## Recorded information
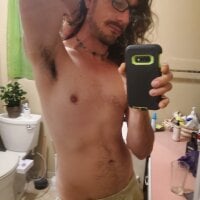 plzplaywithmybody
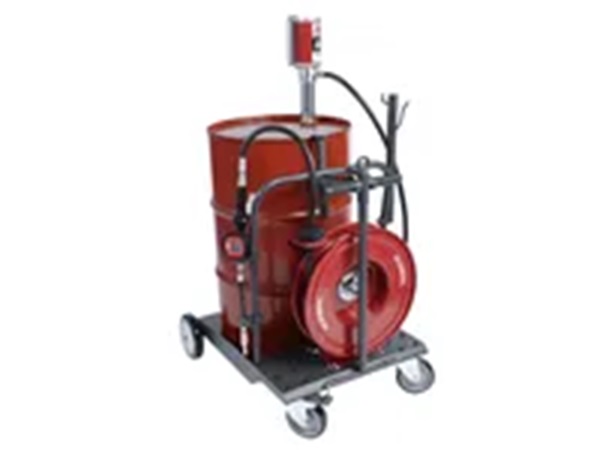 ALEMITE 343509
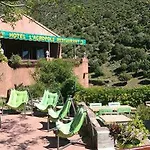 Acropole Hotel Asco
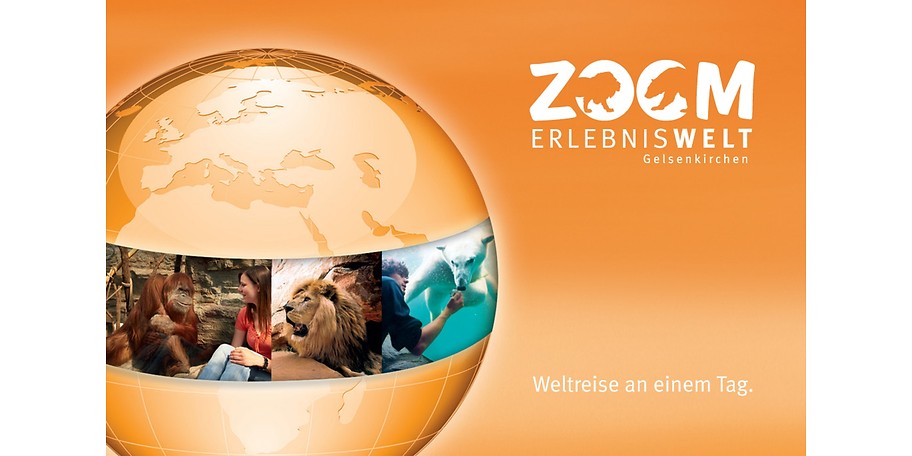 Zoom Erlebniswelt Rabatt Adac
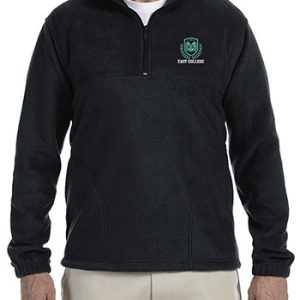 100% Polyester Fleece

## What the task asks
Exactly as they appear above, write out all the entries, but not the images.

## The answer
 plzplaywithmybody
 ALEMITE 343509
 Acropole Hotel Asco
 Zoom Erlebniswelt Rabatt Adac
 100% Polyester Fleece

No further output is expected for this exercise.